Пообщаться решили в пиццерии, заодно и перекусить — дёшево и сердито.
— Ну и как работа? — заинтересованно спросила Алька. — Как вообще получилось у тебя так здорово устроиться?
Вот уж мама удружила так удружила! Сочинять и подыгрывать ей не хотелось, но не говорить же теперь правду. И зачем она только придумала эту посылку дурацкую! Уж я как-нибудь перебилась бы без шоколадных конфет.
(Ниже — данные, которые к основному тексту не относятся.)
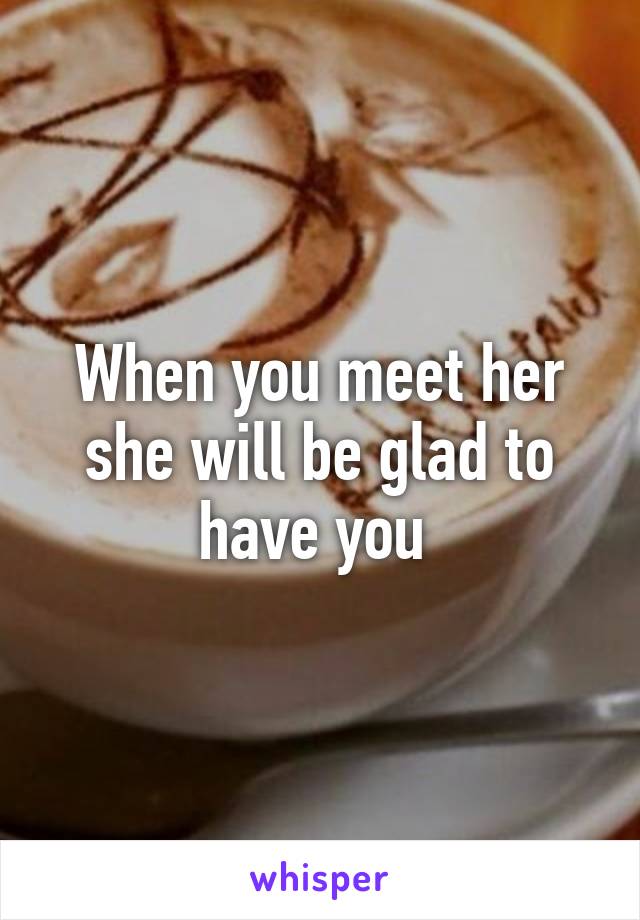 When you meet her she will be glad to have you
— Мама сильно преувеличила, — сдержанно ответила я. — Я там не то чтобы переводчик, а так, принеси-подай… кофе там…
— А! Вроде секретаря?
— Угу, — кивнула я.
— Ну и что! Для студентки, тем более даже не последних курсов, это вообще отличный вариант! Босс-то нормальный? Не пристаёт? А то ты вон какая красотка.
— Босс так себе, но не пристаёт. Ты лучше про себя расскажи. Как сейчас в Адмире?
Алька вздохнула невесело:
— Да как? Загибается, по ходу, наш Адмир. Всё прямо на глазах разваливается. В клубе теперь кружков никаких нет, ну вот только дискотеки… А так — там челночники все углы и закутки арендовали и теперь торгуют китайскими шмотками. А мэр у нас знаешь кто? Отец Гулевского. Вот они живут хорошо. Коттедж себе отгрохали с бассейном в Химках. А Белевича помнишь? Вместе с Гулевским учился?